If test each method then minimal test case setup is required.

If test a method which calls other methods then setup required for the test case is huge. If unit-tests for the individual methods are already there then why to write for this method which is using them?

But then it also have little bit of functionality which should be tested. Also the code coverge tool will complain about coverage percentage.

Please provide your practical inputs.

A: 

Duplicate: http://stackoverflow.com/questions/517977/what-do-you-test-with-your-unit-tests

Tomas Lycken
Its not the duplicate of that question, its not answering what I want. Please read the question. Maybe the subject line need to be rephrased.
Bhushan
+3  A: 

If test a method which calls other methods then setup required for the test case is huge. If unit-tests for the individual methods are already there then why to write for this method which is using them?

Because that method may call the underlying methods with the wrong parameter, or in a wrong sequence, or do the wrong thing with the return values.

In my experience, the potential for errors in self-contained methods is usually rather small compared to the interaction between them and such "glue code".

"Classic" unit tests, where you completely test each class's behaviour in isolation are a nice concept, but in reality, this scenario is not all that common or useful. It depends on how much care was taken to design the code for modularity and (implied in that) testability, but it's never possible to achieve for everything.

Michael Borgwardt
+2  A: 

You unit-test a method, with one test case per possible execution path.

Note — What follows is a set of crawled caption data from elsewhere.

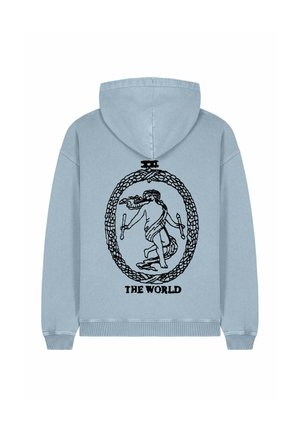 THE WORLD BACK PRINT UNISEX VINTAGE HEAVYWEIGHT - Hoodie - light blue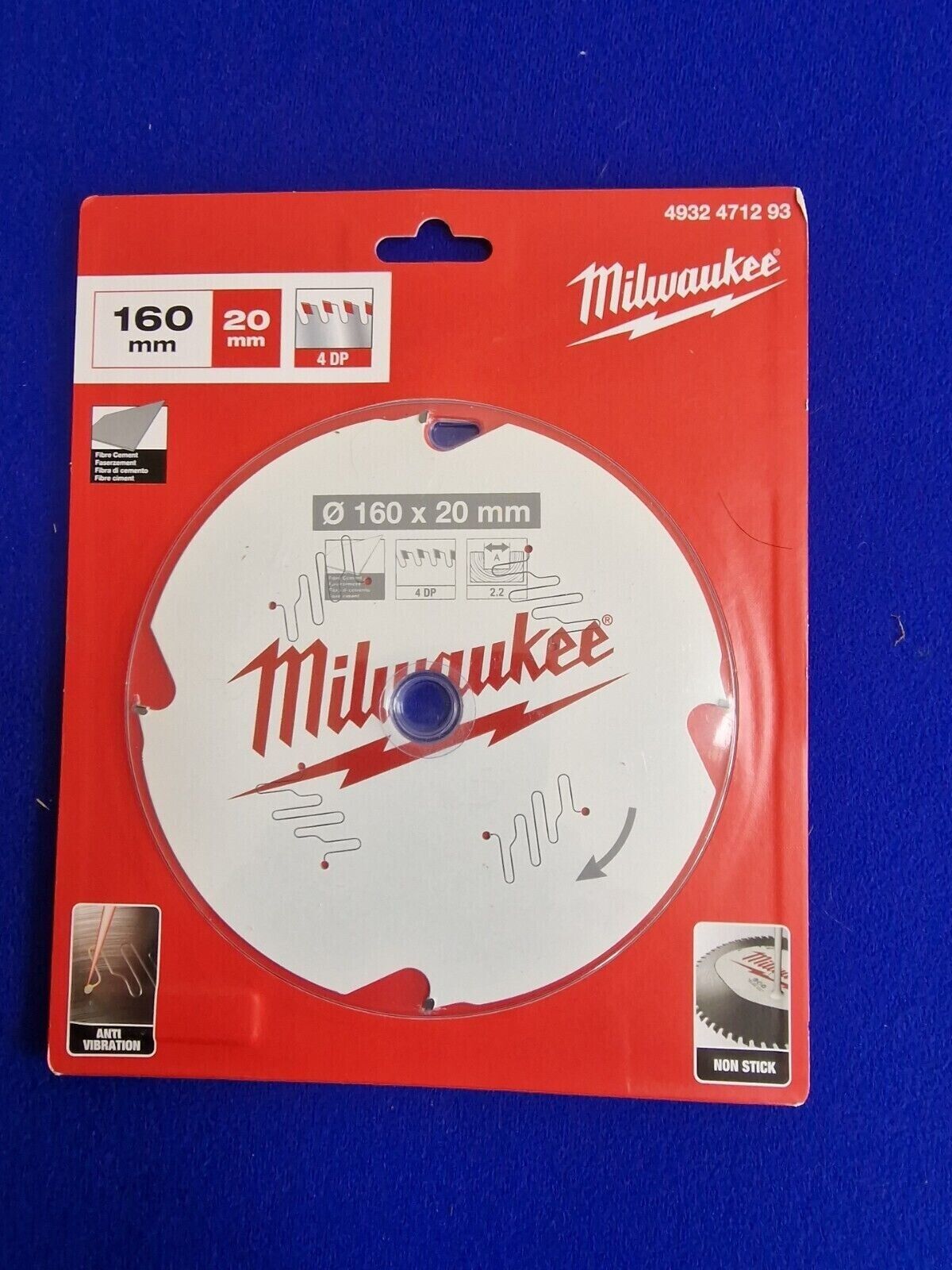 Milwaukee PCD Fibre Cement Board Circular Saw Blade 160 x 20mm 4 Th 4932471293 - MonkeyTools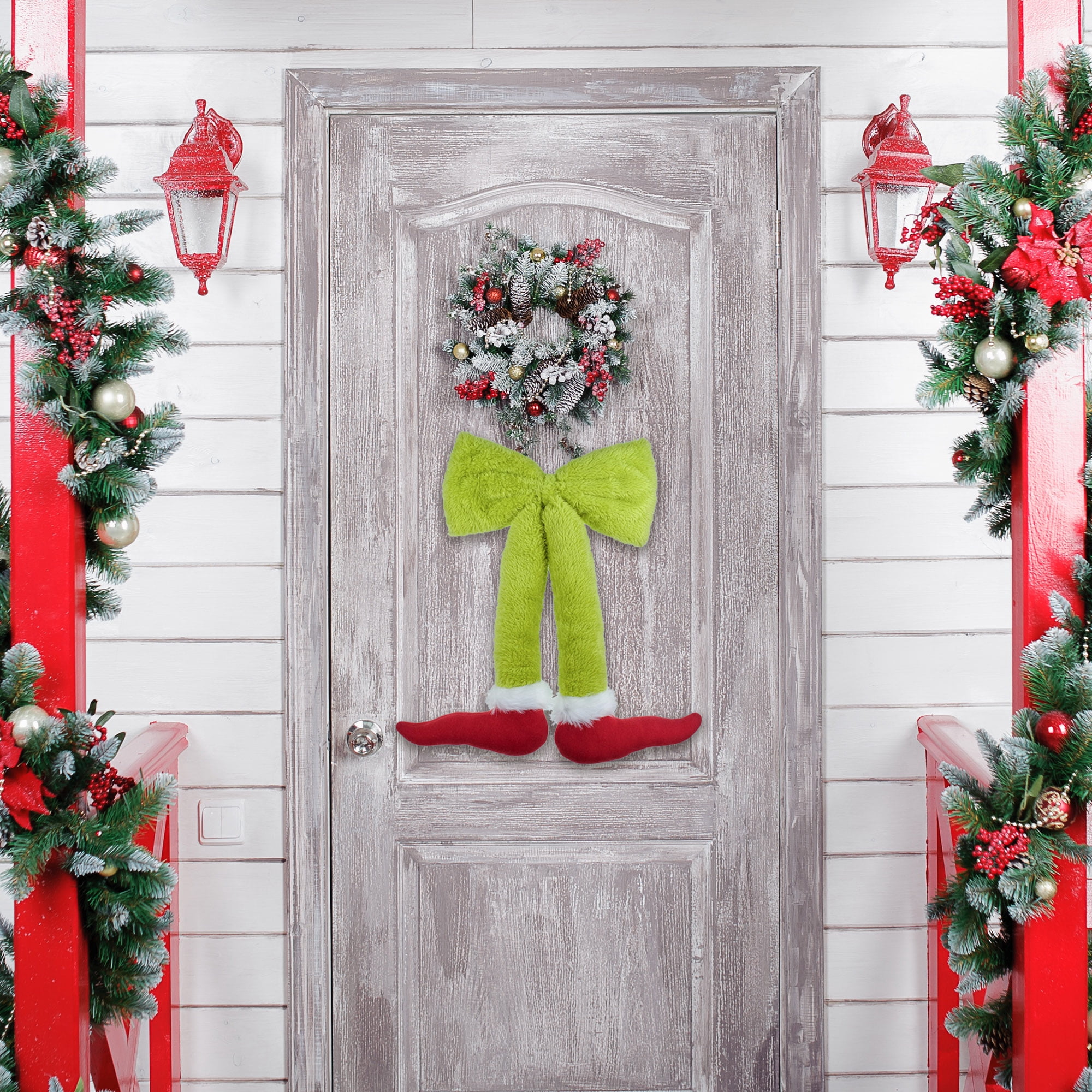Dr. Seuss The Grinch Fuzzy Bow Hanging Decoration with Elf Shoes, 12‑Inch, How the Grinch Stole Christmas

The typical structure of an unit test is Arrange-Act-assert (triple A's):

  • Arrange - create the environment for the case you want to test (this can be done in the Suite setup or in the TestCase, or both)
  • Act - the test case invokes the method under test
  • Assert - to verify the method under test did what it is supposed to do

Excessive setup should be an indication that you should look at your design, for instance, your class could be too big, or doing too many things. Excessive setup is an anti-pattern.

You can use mock objects to isolate the class you're testing.

philippe
+2  A: 

The number-one rule of unit-testing is:

Only test one thing at once!

This means: you don't even test a method, you test a single aspect of a method under a single condition. So you come up with several tests for the same method.

Isolation is a key for good unit tests. You need to mock your dependencies (eg. using RhinoMocks). At the beginning it looks more complex, but in the long run it is much easier to manage and maintain. Test only a small amount of code in a test, make you test as trivial as possible and you will have maintainable tests.